As of the June 11, 2026 change, GitHub Agentic Workflows run on the built-in GITHUB_TOKEN. Add copilot-requests: write, drop the PAT, recompile the lock file, and let safe-outputs apply writes from a privileged step. Full issue-triage example, the token fallback chain, and the two cases where you still need a custom token.

For most of the last year, the friction in standing up a GitHub Agentic Workflow was not the prompt or the YAML. It was the token. You created a personal access token (PAT), decided how many scopes to give it, stored it as a repository secret, rotated it before it expired, and hoped nobody copied it into a fork. As of the June 11, 2026 changelog, that step is gone. Agentic workflows now run on the built-in GITHUB_TOKEN that every GitHub Actions job already gets, and Copilot inference is billed to your organization through a single permission flag. This post walks the full setup: a runnable issue-triage workflow, the exact frontmatter, the token fallback chain the engine actually uses, and the two cases where a custom token is still unavoidable.

What a PAT-free workflow actually looks like

A GitHub Agentic Workflow (the gh-aw extension, repo at github/gh-aw) is a Markdown file in .github/workflows/ with YAML frontmatter on top and a natural-language prompt in the body. You compile it with gh aw compile, which produces a .lock.yml GitHub Actions file next to it. Both files get committed. The lock file is what Actions runs; the Markdown is what you edit.

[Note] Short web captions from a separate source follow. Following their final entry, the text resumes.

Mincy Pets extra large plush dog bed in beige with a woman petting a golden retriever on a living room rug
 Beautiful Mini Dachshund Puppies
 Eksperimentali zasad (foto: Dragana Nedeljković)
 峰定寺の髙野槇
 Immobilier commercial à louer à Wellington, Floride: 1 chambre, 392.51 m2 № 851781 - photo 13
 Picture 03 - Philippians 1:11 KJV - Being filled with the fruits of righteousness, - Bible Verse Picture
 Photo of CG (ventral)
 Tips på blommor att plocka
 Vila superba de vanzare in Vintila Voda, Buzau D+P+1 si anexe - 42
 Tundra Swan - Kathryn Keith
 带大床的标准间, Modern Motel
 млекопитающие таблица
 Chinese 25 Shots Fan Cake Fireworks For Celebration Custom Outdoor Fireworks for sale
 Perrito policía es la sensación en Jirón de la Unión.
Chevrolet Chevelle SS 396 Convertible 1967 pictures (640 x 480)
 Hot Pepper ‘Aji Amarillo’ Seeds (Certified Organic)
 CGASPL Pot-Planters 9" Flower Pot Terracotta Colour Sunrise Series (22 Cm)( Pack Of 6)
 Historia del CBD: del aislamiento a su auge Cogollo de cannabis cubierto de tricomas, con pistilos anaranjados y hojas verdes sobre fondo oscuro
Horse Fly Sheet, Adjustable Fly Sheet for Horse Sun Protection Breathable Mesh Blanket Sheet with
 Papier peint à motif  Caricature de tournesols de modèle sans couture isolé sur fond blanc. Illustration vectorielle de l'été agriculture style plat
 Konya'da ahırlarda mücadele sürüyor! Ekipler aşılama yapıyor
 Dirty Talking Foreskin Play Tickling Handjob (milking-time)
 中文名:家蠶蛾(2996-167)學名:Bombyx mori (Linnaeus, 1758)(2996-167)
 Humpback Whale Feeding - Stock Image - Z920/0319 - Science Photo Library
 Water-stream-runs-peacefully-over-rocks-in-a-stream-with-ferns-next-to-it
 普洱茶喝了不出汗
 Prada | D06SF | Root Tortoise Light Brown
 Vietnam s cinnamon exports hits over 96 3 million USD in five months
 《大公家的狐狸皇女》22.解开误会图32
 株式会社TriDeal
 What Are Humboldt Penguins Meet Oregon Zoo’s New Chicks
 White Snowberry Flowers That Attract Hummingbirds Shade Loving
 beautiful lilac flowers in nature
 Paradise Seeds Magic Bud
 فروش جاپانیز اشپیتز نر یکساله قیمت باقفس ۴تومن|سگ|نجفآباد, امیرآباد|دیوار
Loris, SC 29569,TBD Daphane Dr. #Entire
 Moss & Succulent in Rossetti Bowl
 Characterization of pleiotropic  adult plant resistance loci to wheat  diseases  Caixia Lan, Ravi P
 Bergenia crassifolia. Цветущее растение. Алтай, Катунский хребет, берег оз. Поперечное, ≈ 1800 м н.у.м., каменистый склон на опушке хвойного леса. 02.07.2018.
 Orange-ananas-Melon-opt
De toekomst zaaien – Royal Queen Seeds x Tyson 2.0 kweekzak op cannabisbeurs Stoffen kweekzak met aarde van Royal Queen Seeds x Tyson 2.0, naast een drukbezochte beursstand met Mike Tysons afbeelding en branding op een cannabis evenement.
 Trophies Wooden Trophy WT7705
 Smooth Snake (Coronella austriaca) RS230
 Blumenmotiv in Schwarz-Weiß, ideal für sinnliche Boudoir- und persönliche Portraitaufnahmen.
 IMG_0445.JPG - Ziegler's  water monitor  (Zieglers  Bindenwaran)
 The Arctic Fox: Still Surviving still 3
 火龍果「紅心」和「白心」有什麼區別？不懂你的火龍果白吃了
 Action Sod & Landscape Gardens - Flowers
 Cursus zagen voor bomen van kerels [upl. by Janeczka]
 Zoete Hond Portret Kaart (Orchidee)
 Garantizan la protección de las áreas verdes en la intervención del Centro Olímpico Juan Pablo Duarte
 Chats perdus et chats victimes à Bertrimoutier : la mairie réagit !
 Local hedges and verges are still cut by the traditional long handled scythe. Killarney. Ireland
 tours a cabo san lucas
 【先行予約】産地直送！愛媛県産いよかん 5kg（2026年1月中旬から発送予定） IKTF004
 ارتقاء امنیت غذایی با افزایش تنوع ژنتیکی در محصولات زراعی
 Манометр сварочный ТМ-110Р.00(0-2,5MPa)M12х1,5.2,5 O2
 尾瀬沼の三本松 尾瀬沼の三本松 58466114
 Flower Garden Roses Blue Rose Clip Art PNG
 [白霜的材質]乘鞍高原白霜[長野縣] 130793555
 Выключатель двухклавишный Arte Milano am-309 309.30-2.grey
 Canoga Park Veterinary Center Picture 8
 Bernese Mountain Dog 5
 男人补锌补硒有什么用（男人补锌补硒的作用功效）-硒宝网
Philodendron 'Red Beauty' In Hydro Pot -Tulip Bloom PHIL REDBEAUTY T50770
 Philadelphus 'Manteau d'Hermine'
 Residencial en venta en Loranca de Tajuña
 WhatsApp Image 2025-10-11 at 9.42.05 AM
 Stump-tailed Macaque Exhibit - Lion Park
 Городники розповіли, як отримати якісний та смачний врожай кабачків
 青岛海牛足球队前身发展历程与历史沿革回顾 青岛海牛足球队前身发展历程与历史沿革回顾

Here is a complete issue-triage workflow that reads a newly opened issue, decides on a label, and posts a comment, with no PAT anywhere:

# .github/workflows/triage.md
# gh-aw CLI: latest (gh extension upgrade aw), compiled 2026-06
---
emoji: đź§ 
name: Issue Triage
description: Label and comment on newly opened issues
on:
  issues:
    types: [opened]
permissions:
  contents: read
  issues: read
  copilot-requests: write
engine: copilot
strict: true
network:
  allowed: [defaults, github]
tools:
  github:
    mode: gh-proxy
    toolsets: [default]
safe-outputs:
  add-comment:
    max: 1
  update-issue:
    max: 1
---

# Triage this issue

Read the issue title and body. Decide which single label best fits
("bug", "enhancement", "question", or "documentation") and apply it
by updating the issue. Then add one short comment explaining your
reasoning in two sentences. Do not invent labels that do not exist
in the repository.

The thing to notice: the agent’s own permissions: block is read-only for contents and issues. The only write in the whole file is copilot-requests: write. The agent never gets a token that can mutate the repository. So how does it apply a label and post a comment? That is the part worth understanding, because it is exactly why the PAT became unnecessary.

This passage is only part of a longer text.